Hz. Eba Ebdillah El Huseyn (a.s) Aşura belasının içine girmeseydi İblis kesinlikle muzaffer olacaktı. Bu hakikat Hz. İmam Hüseyin (a.s)’ın ziyaretnamesinde de şu şekilde beyan buyurulmuştur: “Ey Rabbim! Hüseyin (a.s) canını (bütün her şeyini) senin kullarını (evvelinden ahirine kadar tamamını) cehaletten ve delaletin karanlığından kurtarmak için feda etti.”

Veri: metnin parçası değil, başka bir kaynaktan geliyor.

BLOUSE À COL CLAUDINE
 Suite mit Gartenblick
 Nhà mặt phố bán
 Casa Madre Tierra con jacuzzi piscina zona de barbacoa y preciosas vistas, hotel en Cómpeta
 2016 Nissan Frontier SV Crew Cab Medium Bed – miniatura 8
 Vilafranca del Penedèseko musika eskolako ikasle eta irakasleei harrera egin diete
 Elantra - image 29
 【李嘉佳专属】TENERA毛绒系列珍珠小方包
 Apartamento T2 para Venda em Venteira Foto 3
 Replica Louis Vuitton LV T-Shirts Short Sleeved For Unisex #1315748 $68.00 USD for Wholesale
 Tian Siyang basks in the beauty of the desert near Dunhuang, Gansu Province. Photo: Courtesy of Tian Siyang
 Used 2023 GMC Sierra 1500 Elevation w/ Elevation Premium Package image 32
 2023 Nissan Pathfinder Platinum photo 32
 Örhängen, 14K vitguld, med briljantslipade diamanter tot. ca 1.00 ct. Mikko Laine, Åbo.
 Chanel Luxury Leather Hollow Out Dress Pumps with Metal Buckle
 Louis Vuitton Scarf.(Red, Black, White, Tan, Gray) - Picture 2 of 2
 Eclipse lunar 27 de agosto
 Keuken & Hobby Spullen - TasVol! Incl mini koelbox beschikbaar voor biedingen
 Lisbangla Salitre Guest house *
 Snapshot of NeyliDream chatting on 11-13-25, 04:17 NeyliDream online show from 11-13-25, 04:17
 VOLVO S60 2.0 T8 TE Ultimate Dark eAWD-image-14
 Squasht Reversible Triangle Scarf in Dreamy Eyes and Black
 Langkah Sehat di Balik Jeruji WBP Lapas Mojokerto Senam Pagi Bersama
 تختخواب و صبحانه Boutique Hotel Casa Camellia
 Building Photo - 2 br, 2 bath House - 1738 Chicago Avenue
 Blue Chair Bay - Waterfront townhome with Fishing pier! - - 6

Delaletin karanlığından kurtarmak nedir? Bunun manası nedir? İmam Hüseyin (a.s), şefaatinin aleme tezahür etmesi için her şeyini feda etti. Hz. Eba Ebdillah El Huseyn (a.s) kulların tamamını evvelinden ahirine kadar cehalet ve delaletin karanlığından ne ile kurtaracaktı? Bireysel can vermek ile ne olacaktı? Bireysel Can vermek bize ne getiriyor? Bireysel can, Hz. İmam Hüseyin (a.s)'ın şefaatini aleme nazil ediyor ve insanlar cehaletten ve delaletin karanlığından (sapkınlığından) kurtuluyor. Bu söz bizim sözümüz değildir. Bu söz masumun (İmam'ın) sözüdür, masumun sözü ise Allah'ın sözüdür. Şefaat iki çeşittir.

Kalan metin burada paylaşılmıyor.